A multi-branch CNN with attention mechanisms that learns to distinguish local adaptation from genetic drift — trained on spatially explicit forward-time simulations.
Distinguishing local adaptation from neutral genetic drift is a fundamental challenge in population genetics. Classical approaches rely on QST–FST comparisons — but as my Master's thesis demonstrated, this framework structurally breaks down under isolation-by-distance and non-additive trait architectures, where false positive rates remain elevated regardless of filtering strategy.
Rather than relying on these traditional comparisons, this project trains a neural network directly on spatially explicit forward-time simulations to learn the complex genomic and phenotypic signatures that differentiate adaptation from drift. The key innovation is using Simulation-Based Inference (SBI) — bypassing the need for confirmed empirical datasets by training on ground-truth simulations where the answer is always known.
The model achieves 100% validation accuracy on held-out simulations, converging in approximately 27 epochs. This demonstrates that the spatial genomic and phenotypic patterns generated by selection are sufficiently distinct from drift patterns for a neural network to learn a reliable decision boundary — even across the demographic scenarios where QST–FST fails.
The model is a multi-branch CNN combining three components: a genomic branch processing spatial allele frequency matrices, a phenotypic branch processing per-deme trait summary statistics, and attention mechanisms + spatial gradient detection to weight the most informative regions of the input.

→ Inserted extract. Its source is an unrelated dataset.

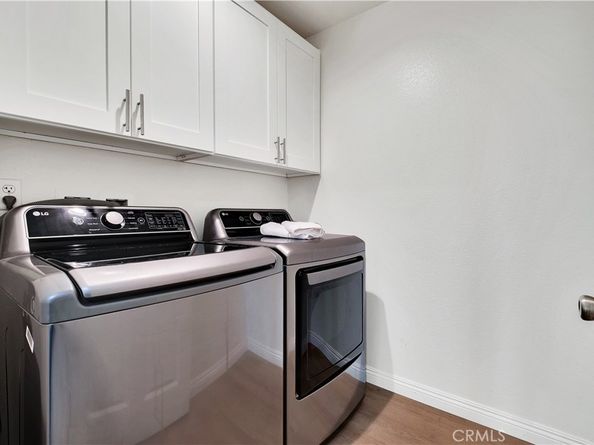 16054 Tanzinite, Chino CA 91708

# Multi-branch architecture — genomic + phenotypic fusion # Branch A: spatial allele-frequency CNN # → 1D-CNN detecting haplotype sweeps & linkage patterns # → Attention mechanism over spatial (deme) axis # → Spatial gradient detection for selection signals # Branch B: phenotypic MLP # → Per-deme trait means, QST, variance components # Fusion head: concatenate → binary classification # → P(local adaptation) vs P(drift) # Training data: 3,000 forward-time SLiM simulations # → Island model + 1D stepping-stone demographics # → Balanced: adaptation vs drift scenarios
Why attention mechanisms? Not all loci and not all demes contribute equally to the selection signal. Attention lets the model learn which spatial positions and genomic regions are most informative for each scenario — particularly important under stepping-stone structure where the relevant signal is localised in the geographic gradient.
Why SLiM + tskit over VCF? Tree Sequence Recording stores the full genealogy in a compact format, making it practical to generate thousands of replicates on personal hardware without HPC infrastructure. Each simulation produces a complete ground-truth label (adaptation or drift), making it ideal for supervised training.
This project is directly connected to my Master's thesis findings. The thesis identified that QST–FST fails under stepping-stone demography and non-additive architectures. DeepLocalAdaptation is the natural computational response: if classical statistics cannot handle these regimes, can a model that learns directly from simulations do better?
The 100% validation accuracy on the current simulation set is a strong proof-of-concept. Next steps include testing generalisation across a broader range of demographic scenarios, QTL numbers, and effect size distributions — particularly the hard cases identified in the thesis.